The killer instinct is crucial in matchplay and Headfort's Rory McNamara showed that he has it in spades when he put Muskerry's Niall Gorey to the sword en route to an emphatic 5 and 4 victory in the final of the Radisson Blu-sponsored West of Ireland Amateur Open at Rosses Point.
As if on cue from the golfing gods, the Arctic-like conditions that marred the first four days gave way to more benign southeast breezes that allowed the large gallery to shed the gloves, if not the winter woolies.
But the real hot stuff came from 23-year old McNamara in a scrappy final that was all square until they came to the 159-yard ninth.

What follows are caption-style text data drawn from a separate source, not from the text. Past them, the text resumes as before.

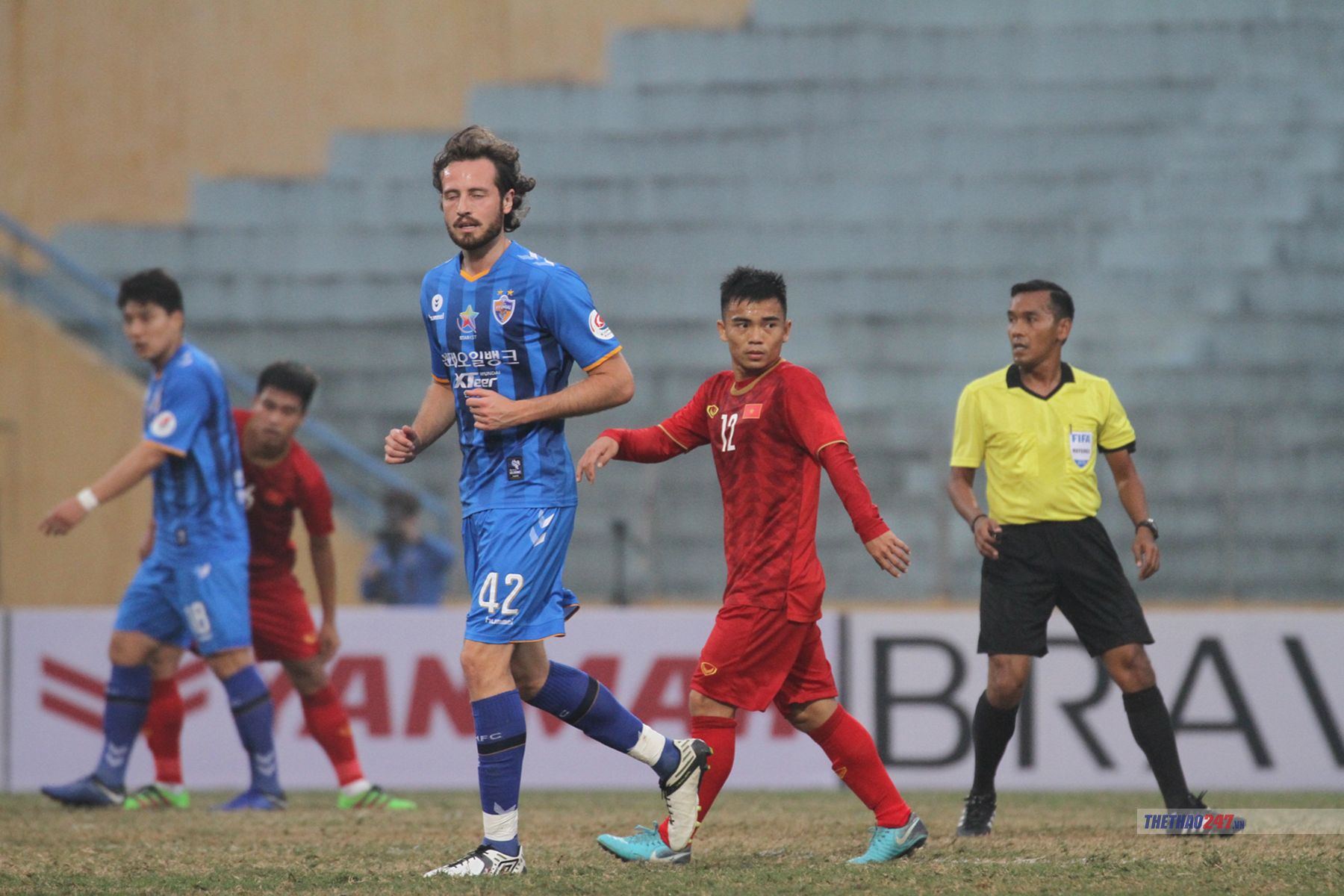 Diskerud - tiền vệ đã hóa giải mọi đường lên bóng của Incheon Utd ở vòng 7 K-League 2019 - từng 'bất lực' trước lứa đàn em Công Phượng. Ảnh: Ngọc Bảo/Thethao247.vn ulsan huyndai
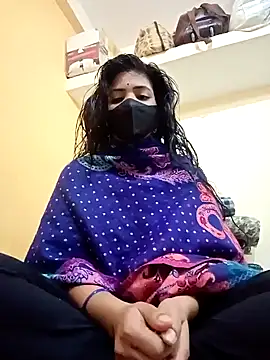 Snapshot of Mamta_Chaterjee chatting on 12/24/24, 01:49 Mamta Chaterjee online show from 12/24/24, 01:49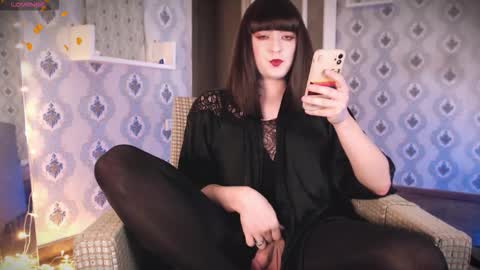 Snapshot of mia_wallase chatting on November 18, 2025, 3:34 am mia_wallase online show from November 18, 2025, 3:34 am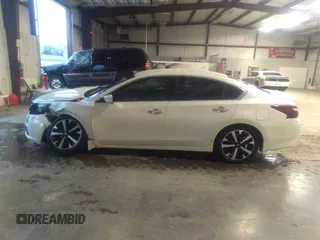 2018 Nissan Altima SR with VIN 1N4AL3AP9JC294402, listed as a IAAI auction lot 41181658 with 46,289 mi miles and . Bid and sale history available at carsss.com. Image 14.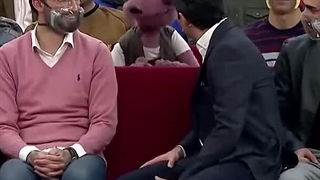 شوخی خنده دار جناب خان با امیرعلی نبویان و حسن معجونی در خندوانه رامبد جوان 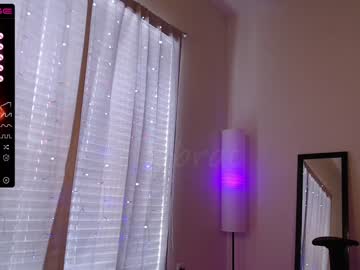 webcam girl petitebrat live cam image #4896761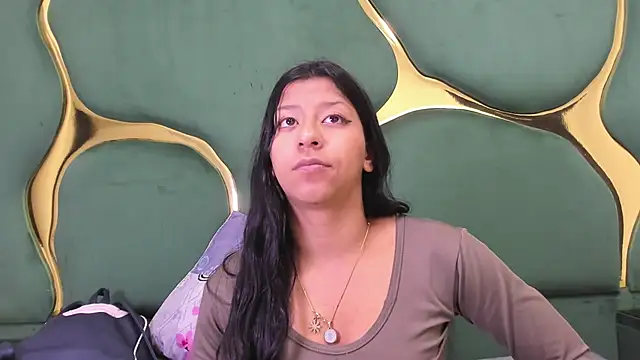 VaneLin18 online show from December 5, 7:12 pm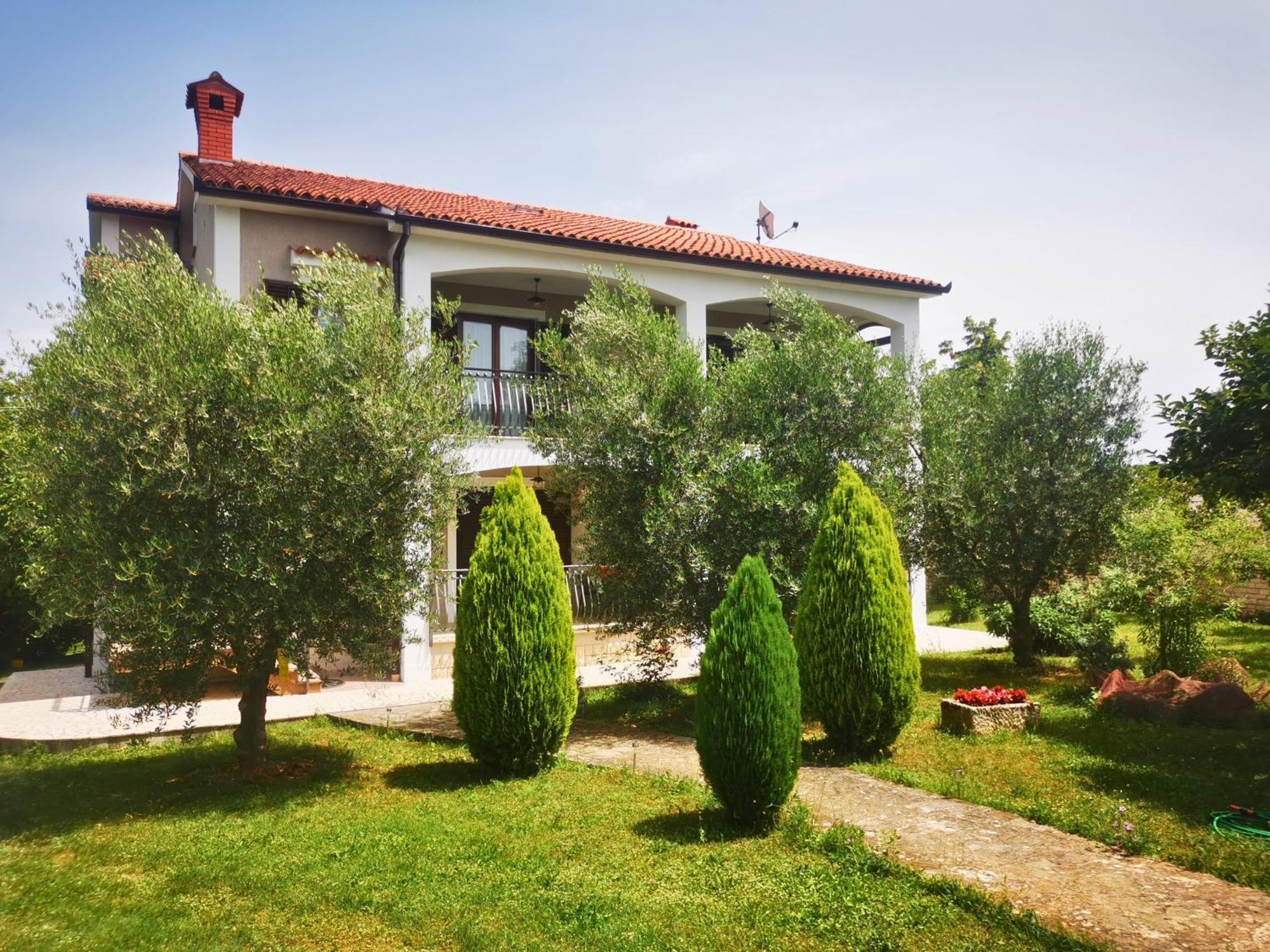 Garden Apartment Maria Vrsar Kültér fotó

A winning par there was the first of four wins in a row for the Headfort man and while Gorey briefly stopped the rot with a half in par at the 13th, there was to be no repeat of his dramatic semi-final comeback against Mourne’s Reeve Whitson.
Four down against the recently-crowned Spanish Amateur Open champion with five to play, the Muskerry player birdied the 14th to provoke a dramatic collapse from the talented Ulsterman that ended with his defeat on the 19th.
“I just lost the plot a bit and lost my concentration,” Whitson said.
“Niall made a great birdie on the 14th to get back to three down and then I hit a bad tee shot on the 15th and from there I was just up against the momentum.”
McNamara, however, was not as forgiving. "I got out of jail against Reeve but Rory didn't miss a shot from nine to 14," Gorey said. "I hit a couple of loose ones and he made a couple of birdies and it was all over very quickly."
Having won the ninth to go one up, McNamara hit a seven-iron to two feet at the 10th to set up a birdie and go two up before claiming the 11th in par after Gorey took four to reach the green.
The par-five 12th would be crucial and with Gorey 10 feet away in three, McNamara hit a stunning chip across the shoulder of the green that hit the pin and set up a winning birdie for a four-up lead.
Gorey responded to a fine McNamara tee-shot at the 13th with a superb approach to 10 feet but missed the putt
And it all ended at the next where McNamara displayed the assassin's instinct that had brought him a 4 and 3 win over defending champion Harry Diamond in a semi-final dogfight he simply refused to lose.
Gorey could not afford a mistake but he carved his approach into the jungle right of the green. “When I saw Niall in trouble, I said, right, just close it out and I hit a nice five iron in there,” McNamara said.
His 25 footer slipped three feet past but after Gorey failed to get up and down, missing his 15 footer for par, the Headfort player calmly stroked home the winning putt to add the West to his win in last year's North of Ireland Championship.
After two winters studying at a golf academy in Spain, he spent this year at La Cala near in Marbella, simply working to get better. Son of a Sligo woman, his victory was hailed as heartily as a home win last achieved by Cecil Ewing in 1950.